RECORDS: Begin

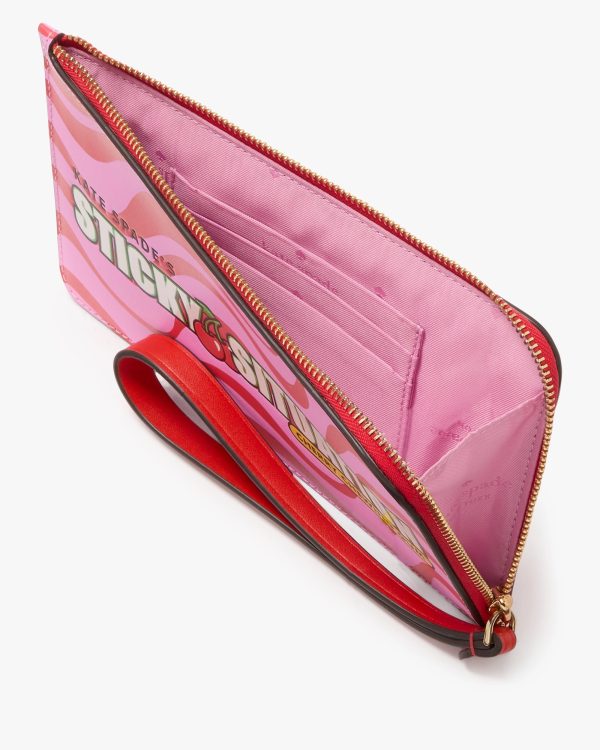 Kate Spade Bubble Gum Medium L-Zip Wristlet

RECORDS: End
RECORDS: Begin

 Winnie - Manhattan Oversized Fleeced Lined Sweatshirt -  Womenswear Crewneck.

RECORDS: End
RECORDS: Begin

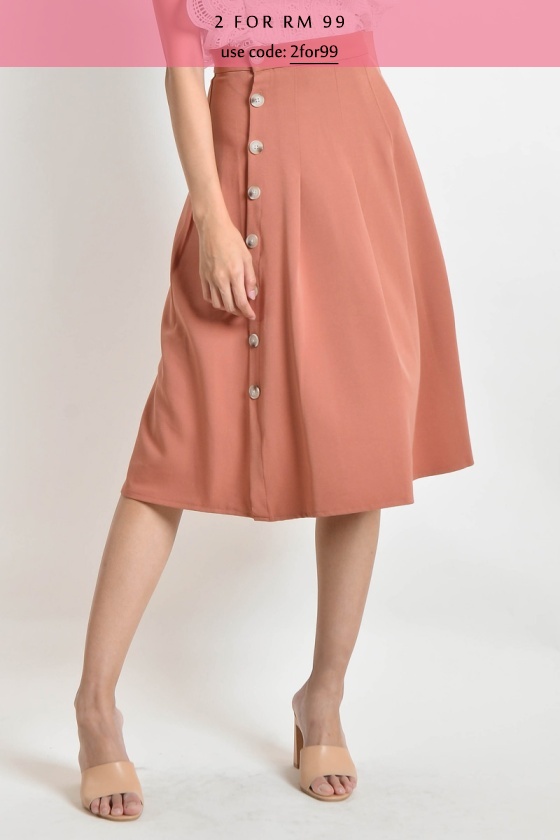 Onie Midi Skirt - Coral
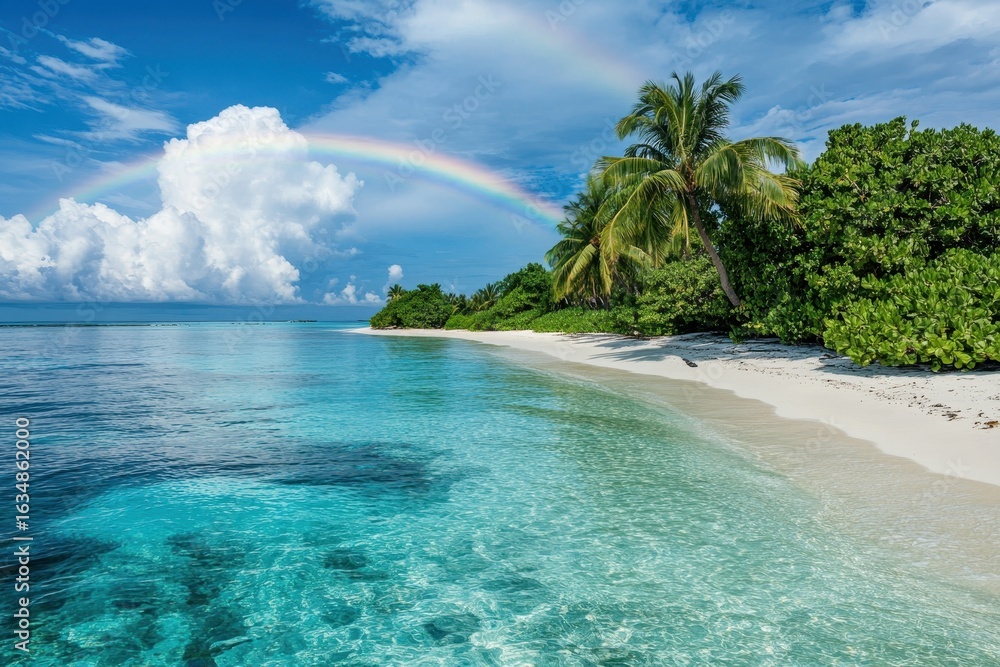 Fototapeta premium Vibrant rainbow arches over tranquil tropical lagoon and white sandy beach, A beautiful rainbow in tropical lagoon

RECORDS: End

> _WHAT YOU WILL DO_: Copy word for word the lines of the records above from the one with "Onie Midi Skirt - Coral" up to and including the one with "Fototapeta premium Vibrant". Skip the pictures.

> _REPLY TO THE EXERCISE_:
 Onie Midi Skirt - Coral
 Fototapeta premium Vibrant rainbow arches over tranquil tropical lagoon and white sandy beach, A beautiful rainbow in tropical lagoon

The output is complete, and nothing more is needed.